Bagan & Mandalay with OAT

By Margi Miller
This item appears on page 32 of the October 2015 issue.

On the group tour “Burma: Land of Golden Temples & Floating Gardens” that my husband, Dusty, and I took with Overseas Adventure Travel (Cambridge, MA; 800/955-1925, www.oattravel.com), our guide Kyi Kyi (pronounced Chi Chi) was a gem. (For the tour, Aug. 4-19, 2014, the price for the two of us was $12,188, including both internal and international airfare.)

Early one afternoon in Bagan, Kyi Kyi took our group on an unscheduled visit to a Fullmoon Day festival. We saw people gathering excitedly, wearing their best traditional outfits. Groups of young men formed a procession with large papier-mâché animals, dragons and other mythical creatures. This event lasted through the night.

We also stopped at a small plantation where palm sugar was being made, much in the way maple sugar is produced by boiling the sap. 

We took advantage of an add-on for dinner and a classical Burmese marionette performance, where colorful papier-mâché marionettes were used to tell local fables. Later, we had a memorable walk through Bagan in the light of the full moon.

A short flight took us to Mandalay, where we visited the Myawaddy Nunnery. The 200 novice nuns we saw eating lunch all had shaved heads and wore pink robes. When they prayed, it sounded as though they were singing.
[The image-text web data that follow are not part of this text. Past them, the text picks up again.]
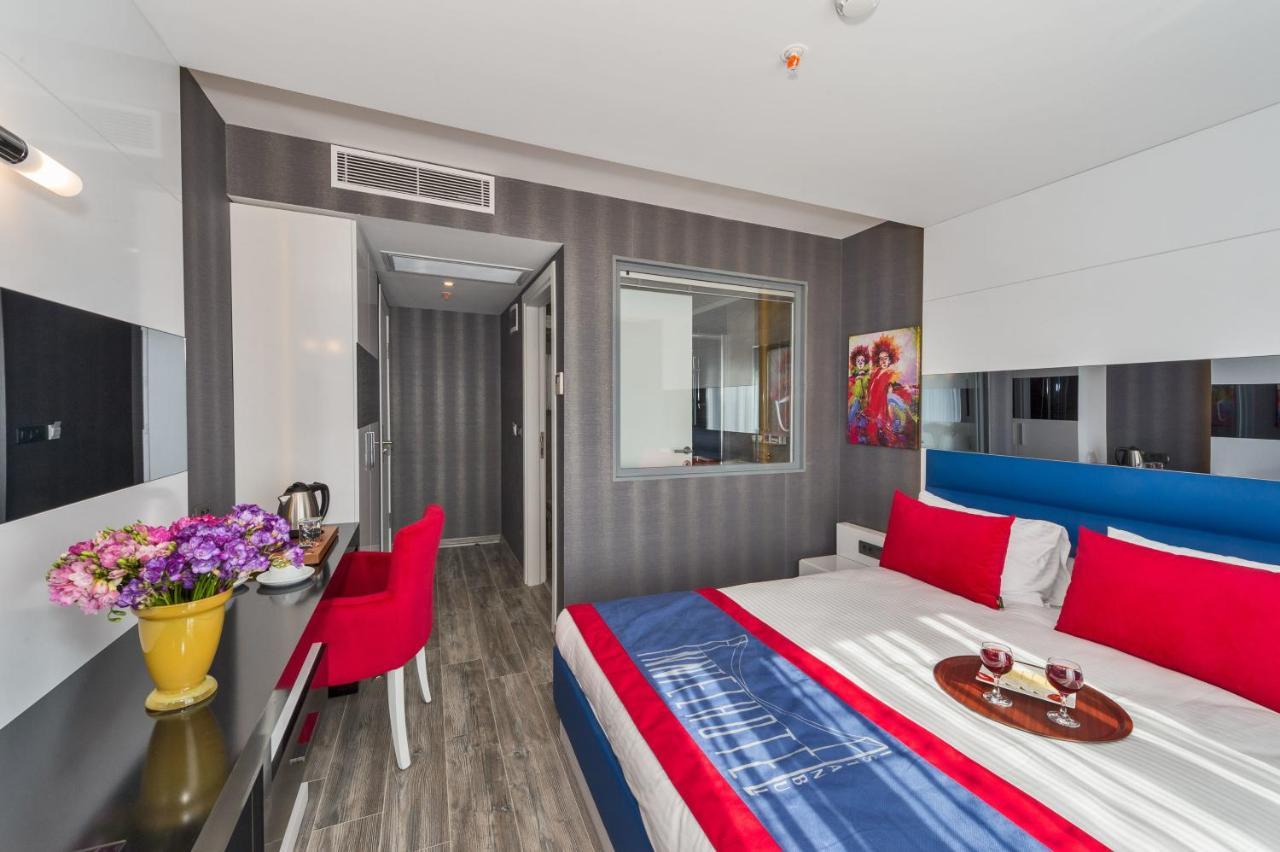 INNTEL HOTEL ISTANBUL — ISTANBUL — fotografie hotel nr. 22
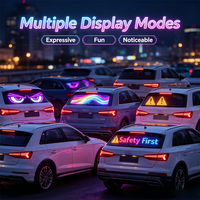 Letrero LED Programable con Control por Aplicación, Logotipo Personalizado, Paneles LED Flexibles P3.75 P4 P5, Pantalla LED para Publicidad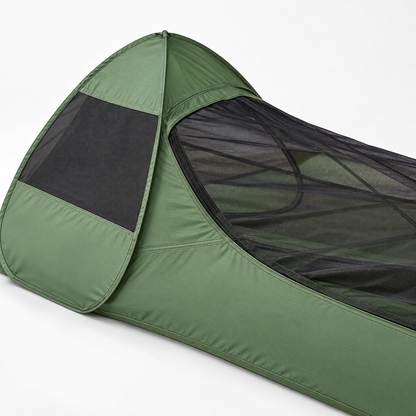 ⛺ Camping Tent | Breathable Mesh Fabric | Outdoor Sleeping | Campers & Hikers | Mosquito Protection Design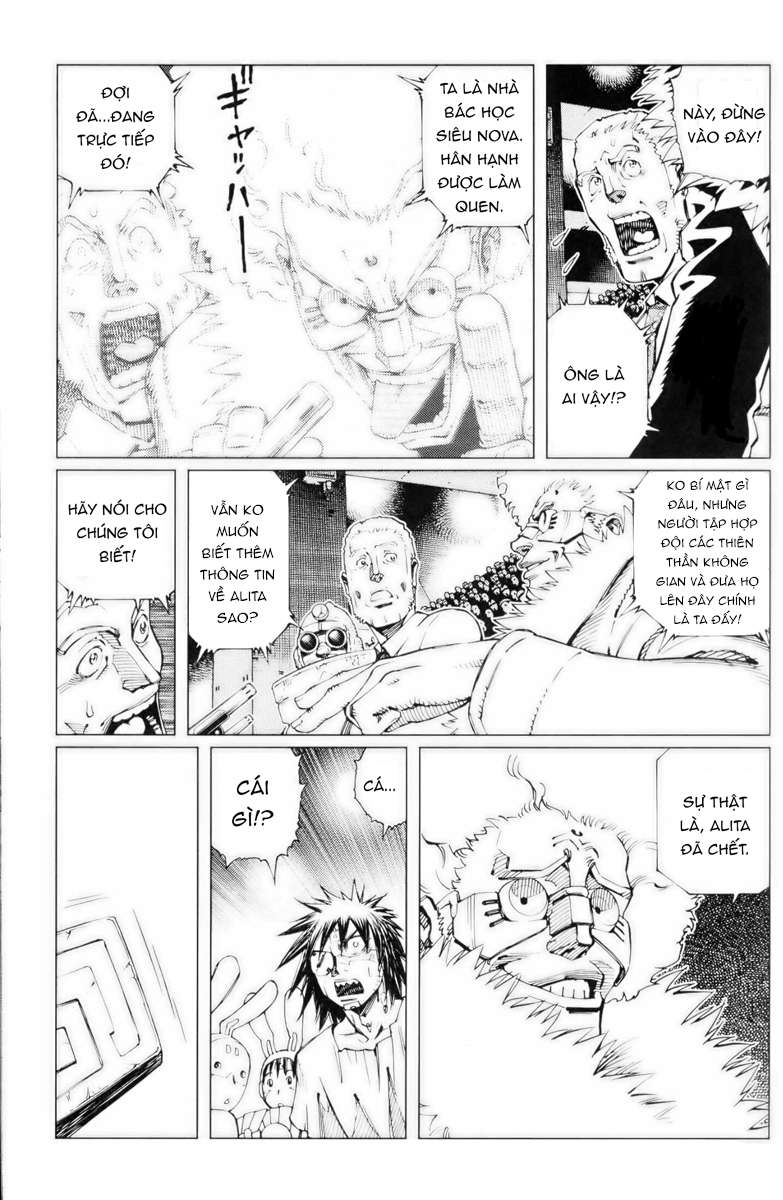 Battle Angel Alita Last Order: Chapter 63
We discovered that monks and nuns in Myanmar are sponsored by family, friends and neighbors, who help cover the costs of their sequestered lives. Monks go out in the neighborhood each morning seeking donations of food. Nuns go twice a week. Except for some teaching at elementary schools, the monks and nuns tend not to work in the community.

Many of our meals were in open-air restaurants or even on lawns by the river. Having an elegant banquet table with tablecloth, china and wait staff made us feel like “colonials.” 
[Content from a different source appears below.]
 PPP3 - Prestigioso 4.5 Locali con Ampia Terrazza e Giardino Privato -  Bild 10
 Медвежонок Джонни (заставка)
Soups, often served as appetizers, were particularly good, especially those made with vegetables, lentils, beans and glass noodles and those with a coconut-milk base.
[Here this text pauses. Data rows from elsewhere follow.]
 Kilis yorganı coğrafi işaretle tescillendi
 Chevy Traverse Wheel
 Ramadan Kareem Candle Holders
Another day, we ascended Mandalay Hill for a sweeping view of the city, then explored Shwenandaw Kyaung, a traditional Burmese wooden monastery and the only surviving structure from the Mandalay Royal Palace.

Taking a boat upstream from Mandalay, in the village of Mingun we visited a massive, unfinished pagoda and one of the largest uncracked, fully functioning bells in the world.

We finished that day’s visit in Amarapura, the country’s former capital, with a walk on the ¾-mile-long U Bein Bridge across Taung­thaman Lake. At sunset, it was a lovely stroll. Nearby boatmen, with vessels rather like Venetian gondolas, were idling in the still waters as the sun sank colorfully.